| Records for this task |
═══

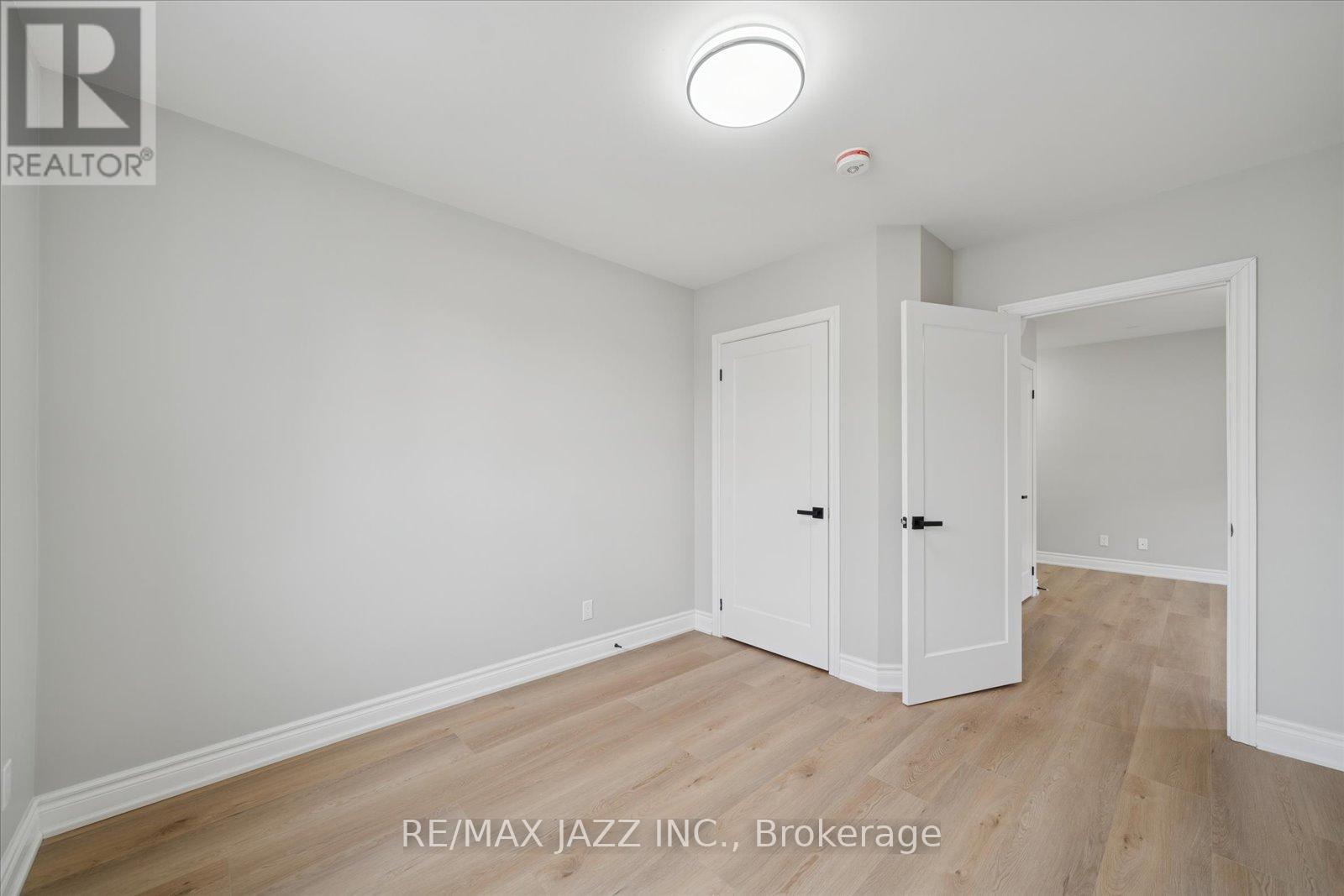 204 - 251 Simcoe Street S, Oshawa (Central), Ontario  L1H 4H3 - Photo 11 - E12782886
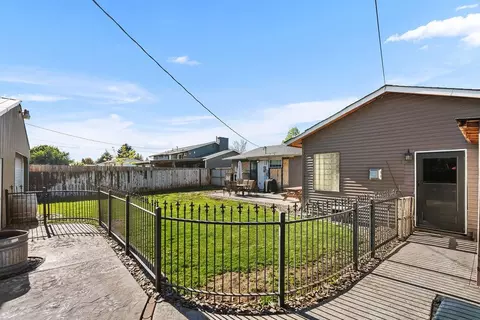7922 E Augusta Ave, Spokane Valley, WA 99212 photo 42
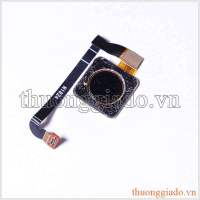 Thay cáp cảm biến vân tay Google Pixel 3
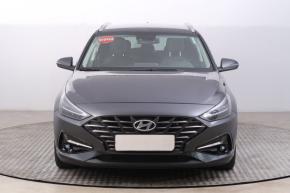 Hyundai i30  1.0 T-GDI Smart 
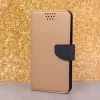 Smart Univerzális Fancy 5,5-5,7" feketearany tok thumbnail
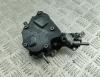 Насос вакуумный Volkswagen Passat B5+ (GP) Артикул 55208657 - Фото #1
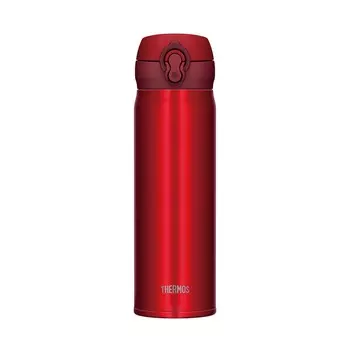 Thermos термокружка Jnl-504 (matt red)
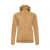 Phantom Running Rain Jacket Women Sahara Gold / XS Variant Image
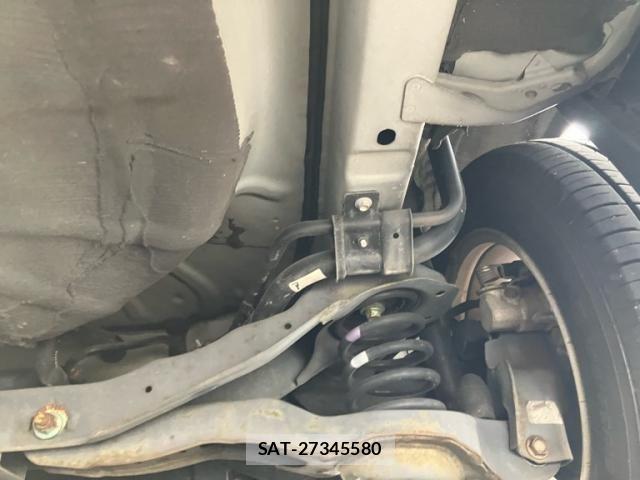 Nissan LAFESTA 2015-09 8230506-22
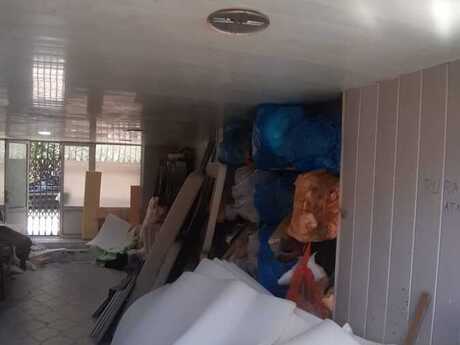 Qara Qarayevdə obyekt satılır, 47 m², 127 000 AZN, şəkil 5 / 5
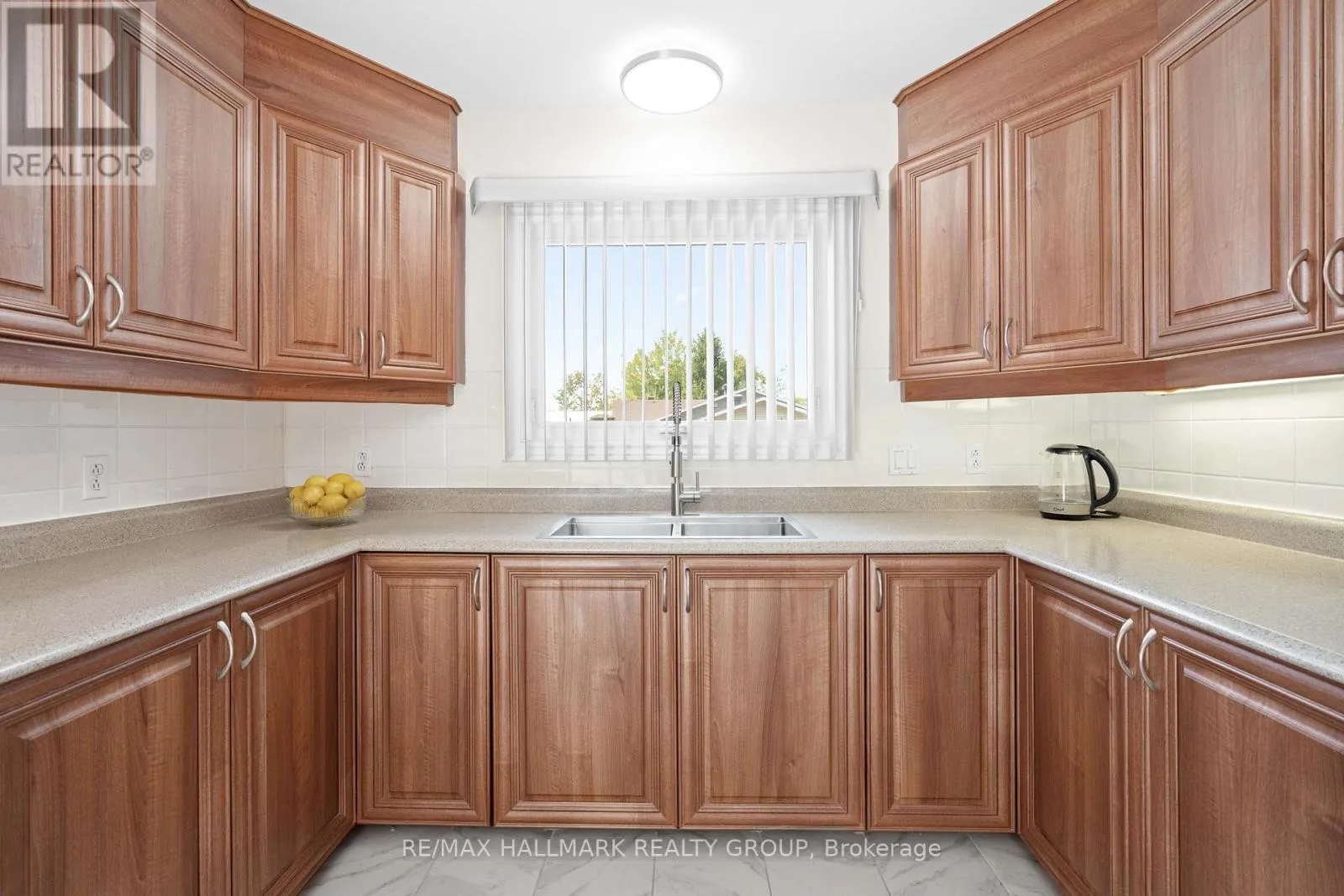 840 DU GOLF ROAD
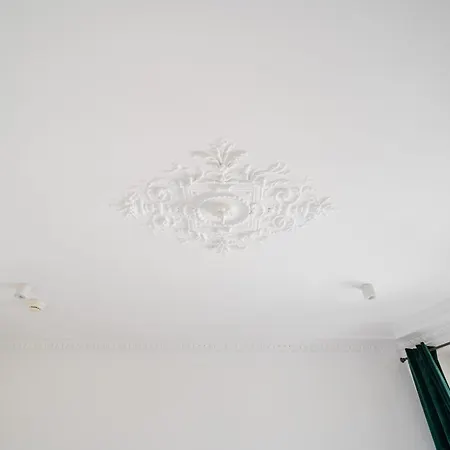 Daire Le Marceau - Passy Tour Eiffel A Pied- 4 Personnes - Logement Entierement Climatise *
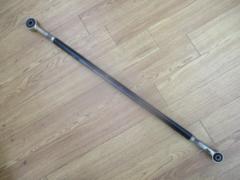 ワケアリ メーカー不明 ラテラルロッド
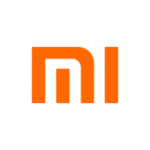 Untitled design (23)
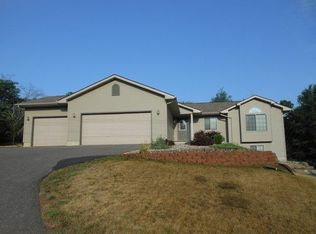 N2791 County Highway V, Lodi, WI 53555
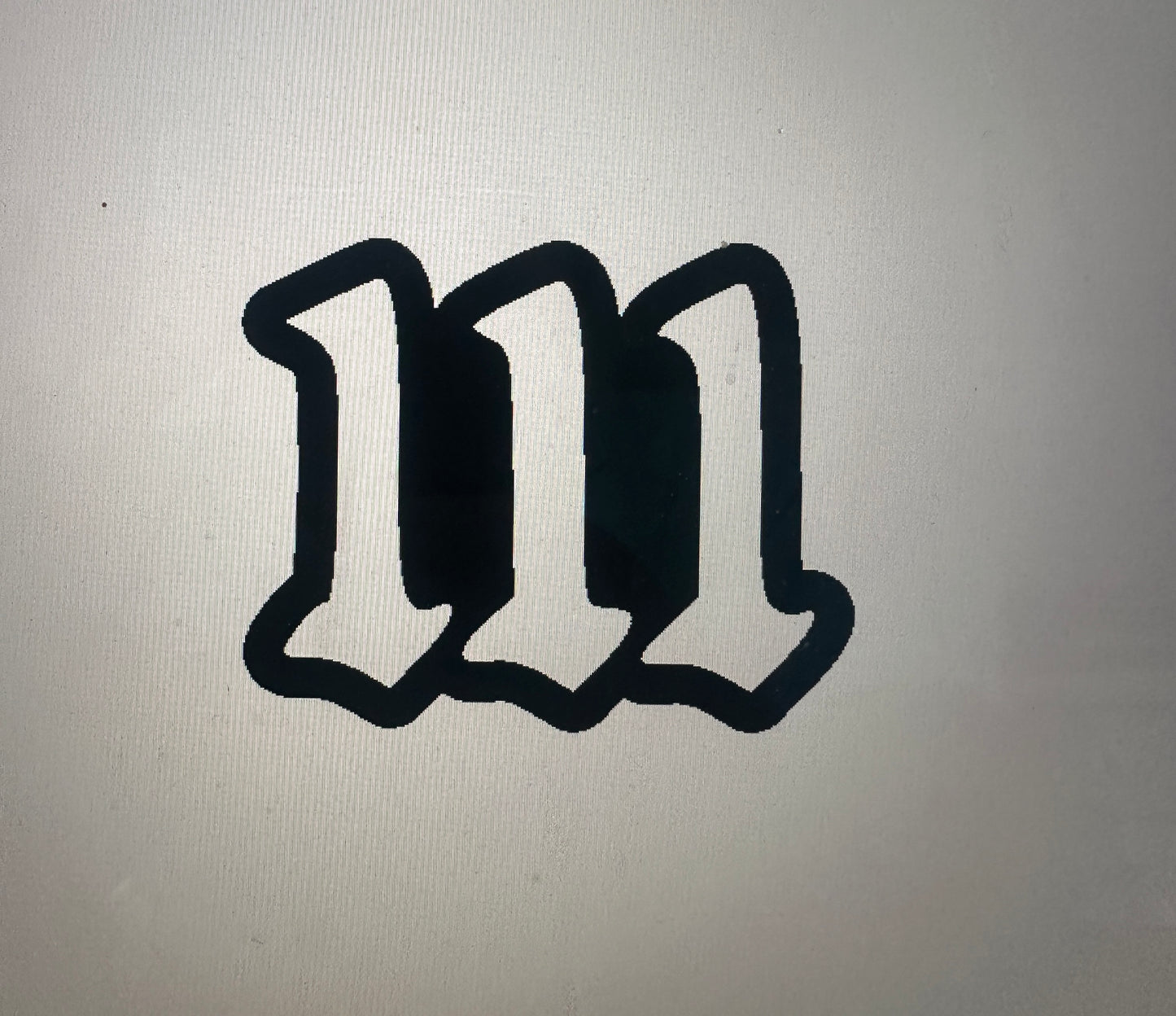 Custom 111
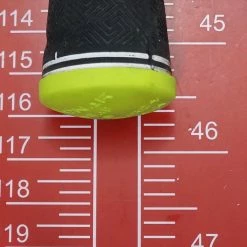 Ping G425 Sft 10.5° Driver Senior Flex Alta Cb 1009970 Excellent 13 Ping G425 Sft 10.5° Driver Senior Flex Alta Cb 1009970 Excellent -Drivers Sales Store 01009970 6 28690.1659990781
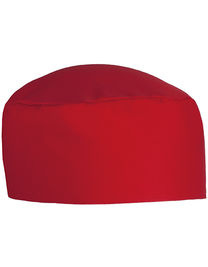 Chef´s Hat Pineto Classic - CGW186 - CG Workwear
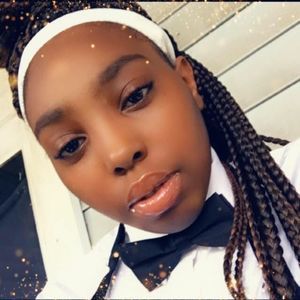 Meet your Posher, Qûèèn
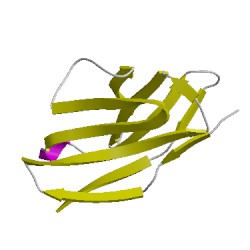 Image of CATH 2aeqL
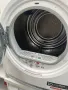 Сушилня AEG T8DE86685, снимка 5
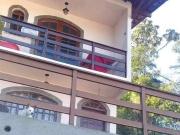 Casa / Sobrado em Condomínio para Venda em...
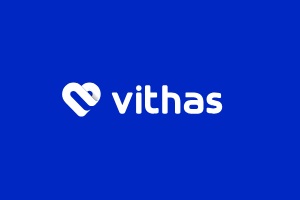Hospital Vithas Sevilla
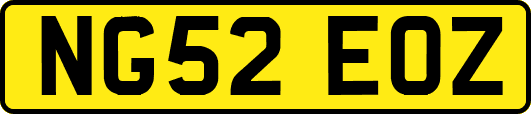 NG52EOZ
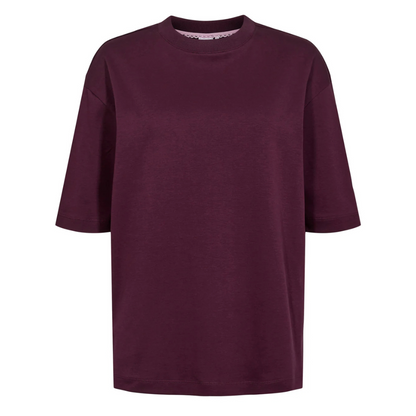 NÜMPH || NUGIRA T-SHIRT WINETASTING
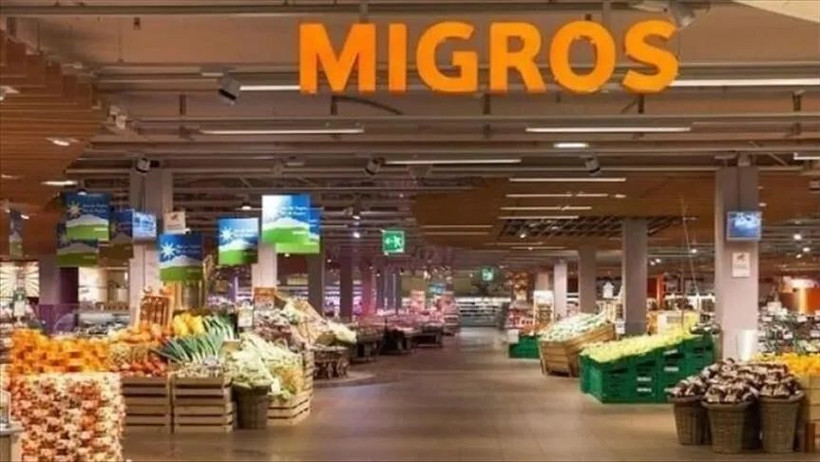 Migros'ta dev indirim rüzgarı başladı: İşte gün gün 1 alana 1 bedava ürün listesi - Resim: 4
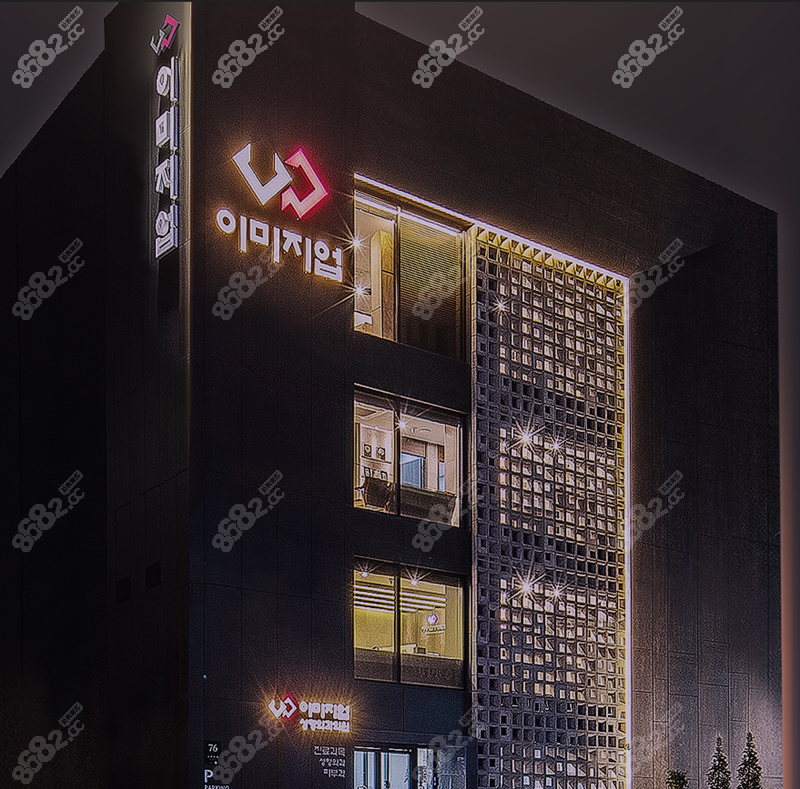 韩国和土耳其的植发价格有差别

═══

| Task to complete |
While leaving pictures out, reproduce exactly the lines from the beginning of the listing above through the line containing "Untitled design (23)", both ends included.

| Result for this task |
 204 - 251 Simcoe Street S, Oshawa (Central), Ontario  L1H 4H3 - Photo 11 - E12782886
7922 E Augusta Ave, Spokane Valley, WA 99212 photo 42
 Thay cáp cảm biến vân tay Google Pixel 3
 Hyundai i30  1.0 T-GDI Smart 
 Smart Univerzális Fancy 5,5-5,7" feketearany tok thumbnail
 Насос вакуумный Volkswagen Passat B5+ (GP) Артикул 55208657 - Фото #1
 Thermos термокружка Jnl-504 (matt red)
 Phantom Running Rain Jacket Women Sahara Gold / XS Variant Image
 Nissan LAFESTA 2015-09 8230506-22
 Qara Qarayevdə obyekt satılır, 47 m², 127 000 AZN, şəkil 5 / 5
 840 DU GOLF ROAD
 Daire Le Marceau - Passy Tour Eiffel A Pied- 4 Personnes - Logement Entierement Climatise *
 ワケアリ メーカー不明 ラテラルロッド
 Untitled design (23)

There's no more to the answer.